TASK REQUIREMENTS » From the data that follows, print exactly the lines starting at the one containing "The Avengers Cosplay" and ending at the one containing "kleur gaat krijgen"; include both of them and nothing more.

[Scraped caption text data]
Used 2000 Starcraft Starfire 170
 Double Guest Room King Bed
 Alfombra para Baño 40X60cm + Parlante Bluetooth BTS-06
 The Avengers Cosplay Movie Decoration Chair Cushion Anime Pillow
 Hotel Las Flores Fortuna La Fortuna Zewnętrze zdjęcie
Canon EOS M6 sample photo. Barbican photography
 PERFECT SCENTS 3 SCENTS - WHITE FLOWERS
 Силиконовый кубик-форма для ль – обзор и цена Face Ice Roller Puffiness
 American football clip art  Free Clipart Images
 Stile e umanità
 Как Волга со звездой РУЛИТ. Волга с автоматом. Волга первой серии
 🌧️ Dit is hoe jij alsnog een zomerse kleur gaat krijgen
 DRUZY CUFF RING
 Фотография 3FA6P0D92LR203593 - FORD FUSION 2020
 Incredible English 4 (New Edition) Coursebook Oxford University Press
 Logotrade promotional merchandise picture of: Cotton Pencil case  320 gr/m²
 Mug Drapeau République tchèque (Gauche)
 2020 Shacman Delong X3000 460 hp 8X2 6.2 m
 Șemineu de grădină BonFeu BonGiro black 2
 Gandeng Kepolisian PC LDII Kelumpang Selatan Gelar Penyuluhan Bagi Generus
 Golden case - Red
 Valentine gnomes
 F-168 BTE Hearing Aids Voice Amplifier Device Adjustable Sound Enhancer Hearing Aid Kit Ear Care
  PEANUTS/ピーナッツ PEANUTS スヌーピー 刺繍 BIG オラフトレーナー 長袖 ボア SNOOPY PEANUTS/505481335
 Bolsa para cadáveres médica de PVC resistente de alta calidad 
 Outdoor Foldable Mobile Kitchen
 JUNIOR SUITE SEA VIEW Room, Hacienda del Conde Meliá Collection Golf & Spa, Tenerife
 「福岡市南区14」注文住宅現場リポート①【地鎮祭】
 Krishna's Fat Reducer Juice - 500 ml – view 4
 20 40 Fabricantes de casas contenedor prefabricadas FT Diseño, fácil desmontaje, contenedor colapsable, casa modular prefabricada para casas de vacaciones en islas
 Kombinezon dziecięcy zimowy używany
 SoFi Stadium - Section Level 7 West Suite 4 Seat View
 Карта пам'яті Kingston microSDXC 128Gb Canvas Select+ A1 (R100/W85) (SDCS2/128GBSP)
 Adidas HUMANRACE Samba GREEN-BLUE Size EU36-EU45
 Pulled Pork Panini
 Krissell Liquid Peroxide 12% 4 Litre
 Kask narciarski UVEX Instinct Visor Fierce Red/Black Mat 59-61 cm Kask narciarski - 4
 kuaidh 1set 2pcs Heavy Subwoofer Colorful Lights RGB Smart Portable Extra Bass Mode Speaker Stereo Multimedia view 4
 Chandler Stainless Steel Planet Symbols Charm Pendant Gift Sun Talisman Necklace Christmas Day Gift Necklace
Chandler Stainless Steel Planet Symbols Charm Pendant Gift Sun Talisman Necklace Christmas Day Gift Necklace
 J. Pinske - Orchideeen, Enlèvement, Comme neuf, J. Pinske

SOLUTION »
 The Avengers Cosplay Movie Decoration Chair Cushion Anime Pillow
 Hotel Las Flores Fortuna La Fortuna Zewnętrze zdjęcie
Canon EOS M6 sample photo. Barbican photography
 PERFECT SCENTS 3 SCENTS - WHITE FLOWERS
 Силиконовый кубик-форма для ль – обзор и цена Face Ice Roller Puffiness
 American football clip art  Free Clipart Images
 Stile e umanità
 Как Волга со звездой РУЛИТ. Волга с автоматом. Волга первой серии
 🌧️ Dit is hoe jij alsnog een zomerse kleur gaat krijgen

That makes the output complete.